AgentSkillsCN

tag-coverage-analysis

评估云资源标签的质量与覆盖率,识别未打标或标签欠佳的资源,计算标签覆盖百分比,进而提升成本分摊的准确性,为 Showback 和 Chargeback 提供更可靠的数据支持

SKILL.md
--- frontmatter
name: tag-coverage-analysis
description: Evaluates cloud resource tagging quality and coverage to identify untagged or poorly tagged resources, calculate tag coverage percentages, and improve cost allocation accuracy for showback and chargeback
author: CloudZero <support@cloudzero.com>
version: 1.0.0
license: Apache-2.0

Tag Coverage Analysis

Purpose

This skill evaluates the quality and completeness of cloud resource tagging to improve cost allocation, enable accurate showback/chargeback, and ensure governance compliance.

When to Use

  • "What's our tag coverage?"
  • "How many resources are untagged?"
  • "Show me untagged costs"
  • "Analyze our tagging quality"
  • "Which accounts have poor tagging?"
  • Setting up showback/chargeback
  • Improving cost allocation
  • Governance and compliance reviews
  • Identifying unattributed costs
  • Keywords: tag, tagging, untagged, coverage, attribution, showback, chargeback, governance

Prerequisites

This skill builds on the understand-cloudzero-organization skill.

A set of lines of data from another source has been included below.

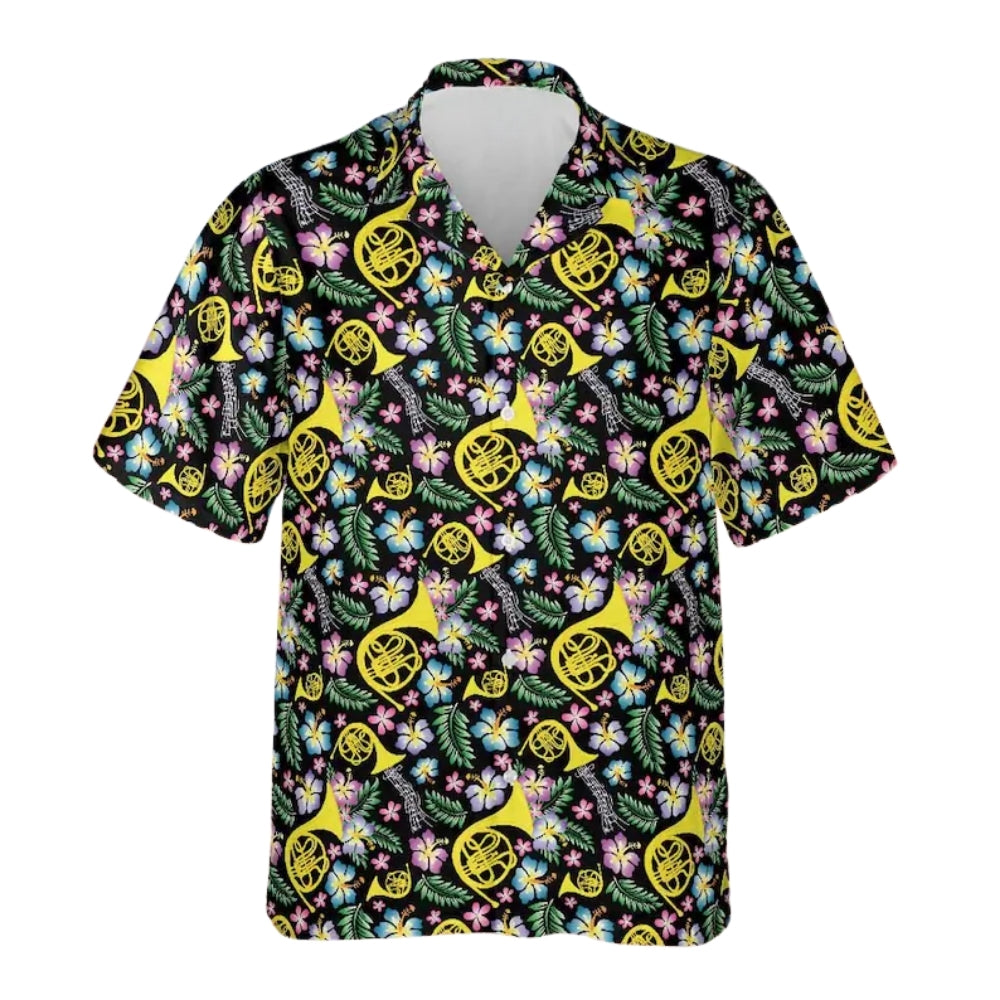 Tropical French Horn Hawaiian Shirt For Men Women, French Horn Hawaiian Shirts For Instrumentalist HE0330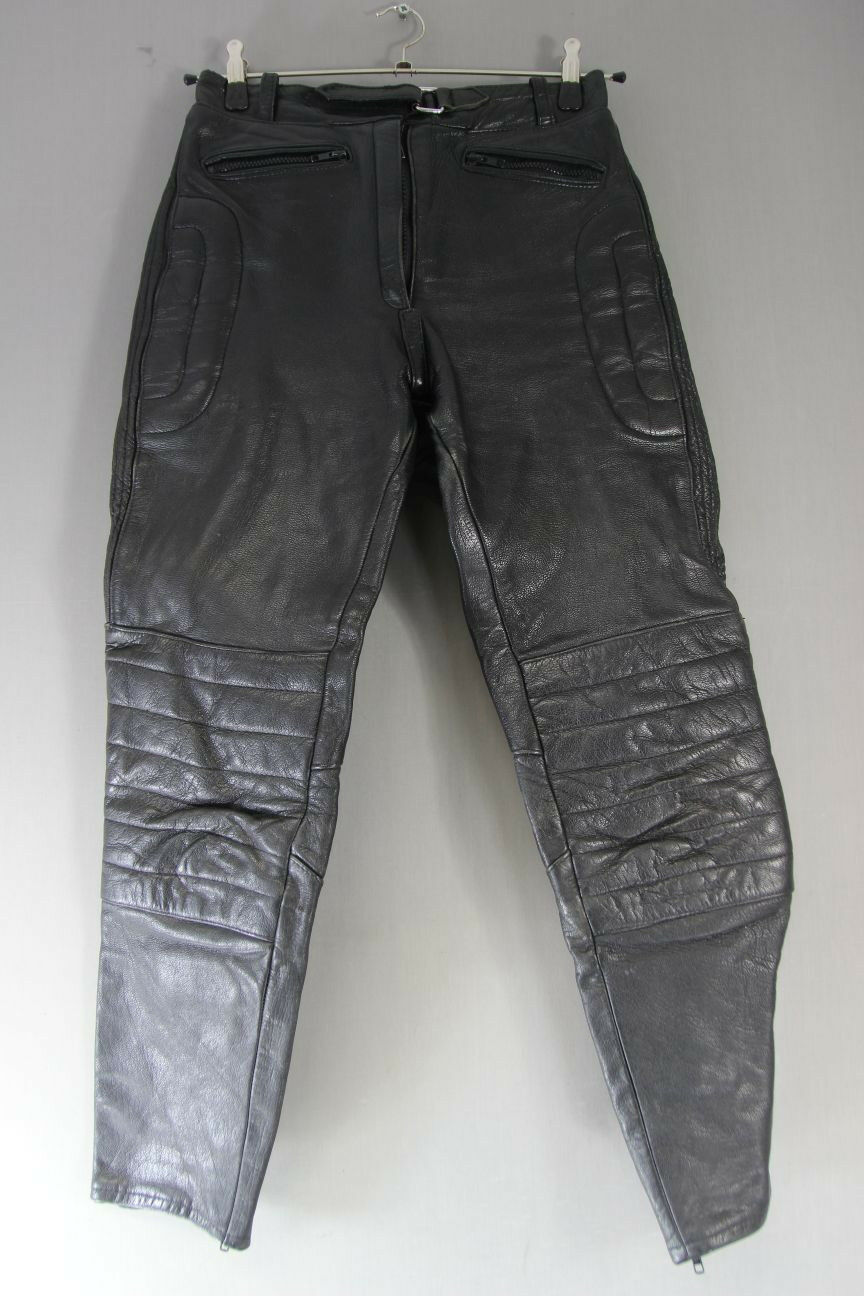 J&S CLASSIC BLACK LEATHER BIKER TROUSERS SIZE 12: WAIST 30 IN/INSIDE LEG 29.5 IN
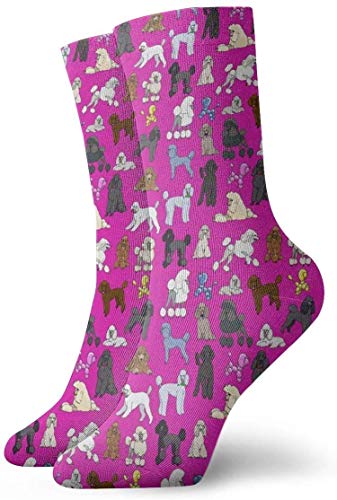 ouyjian Socks Breathable Poodles Fuchia Crew Sock Exotic Modern Women & Men Printed Sport Athletic Socks 11.8in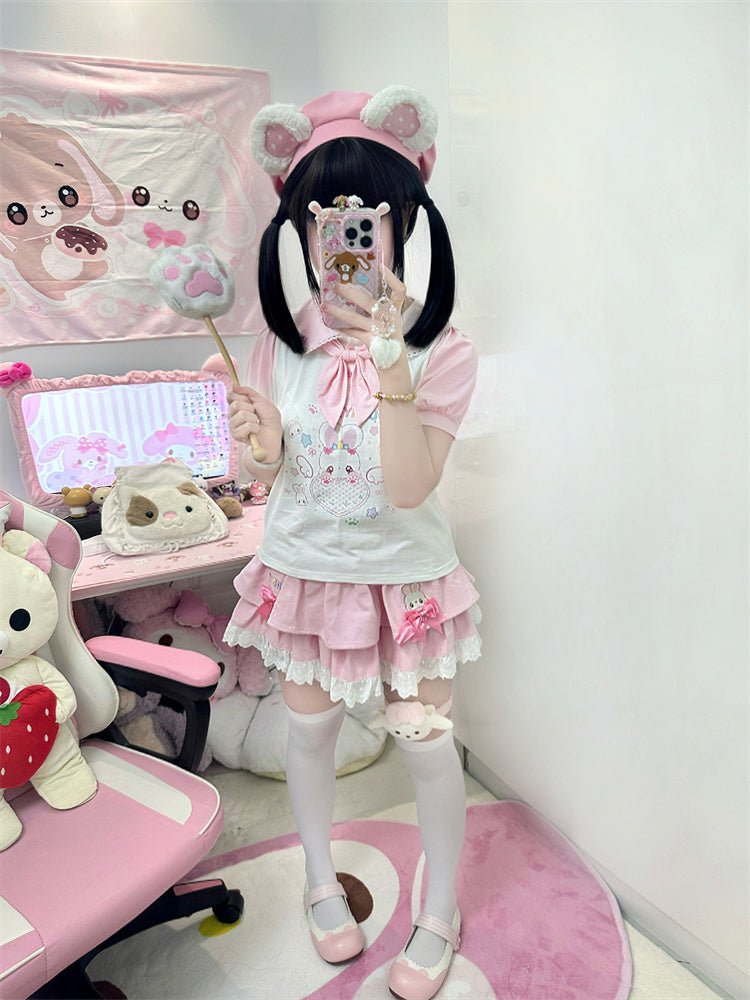 Tie T-Shirt Ears Heart Bunny Pink  White Peter Pan Collar Bunny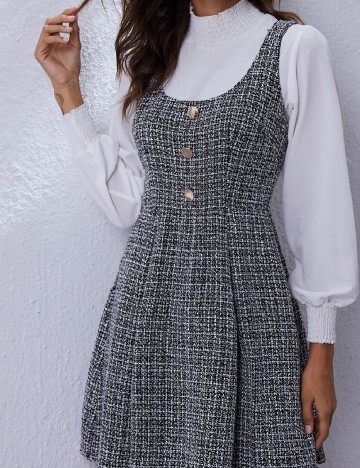 
						Rochie scurta SHEIN CURVE, alb/negru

Before applying this procedure:

  • If you haven't already in this session, load the understand-cloudzero-organization skill and follow its instructions
  • Reference the cached organization context (don't reload unnecessarily)

How This Skill Works

Step 1: Discover Available Tags

Identify what tags exist in the organization:

code
get_available_dimensions(filter="Tag")

This returns all tags in use. Common tags include:

  • CZ:Tag:Environment
  • CZ:Tag:Team
  • CZ:Tag:Application
  • CZ:Tag:Owner
  • CZ:Tag:CostCenter
  • CZ:Tag:Project

Step 2: Calculate Overall Tag Coverage

For each critical tag, calculate coverage:

code
# Get total costs
get_cost_data(cost_type="real_cost")

# Get costs WITH the tag (any value)
get_cost_data(
    group_by=["CZ:Tag:Environment"],
    cost_type="real_cost"
)

# Get costs WITHOUT the tag (calculate as difference)

Coverage Formula:

code
Tag Coverage % = (Cost of Tagged Resources / Total Cost) * 100
Untagged Cost = Total Cost - Cost of Tagged Resources
Untagged % = (Untagged Cost / Total Cost) * 100

Step 3: Analyze Each Critical Tag

For each important tag (Environment, Team, Application, etc.):

Tag Distribution:

code
get_cost_data(
    group_by=["CZ:Tag:Environment"],
    limit=50
)

Identify untagged costs by dimension:

code
# Untagged by Account
get_cost_data(
    group_by=["CZ:Account"],
    # Note: Can't directly filter for "no tag", so compare to total by account
)

# Untagged by Service
get_cost_data(
    group_by=["CZ:Service"],
)

# Then identify which services have low tag coverage

Step 4: Multi-Tag Analysis

Analyze coverage across multiple tags simultaneously:

code
get_cost_data(
    group_by=["CZ:Tag:Environment", "CZ:Tag:Team"],
    limit=100
)

Identify resources that have:

  • All critical tags (good)
  • Some critical tags (partial)
  • No critical tags (bad)

Step 5: Account-Level Tag Coverage

Identify which accounts have tagging issues:

code
# For each account, analyze tag coverage
get_cost_data(
    group_by=["CZ:Account", "CZ:Tag:Environment"],
    limit=100
)

Calculate coverage % per account and rank accounts by:

  • Worst tagging coverage
  • Highest untagged cost amounts
  • Most critical accounts with tagging issues

Step 6: Service-Level Tag Coverage

Identify which services are commonly untagged:

code
get_cost_data(
    group_by=["CZ:Service", "CZ:Tag:Environment"],
    limit=100
)

Some services may be harder to tag (e.g., data transfer, some AWS service fees). Identify:

  • Which services have good tag coverage
  • Which services have poor tag coverage
  • Which services are untaggable (inherently)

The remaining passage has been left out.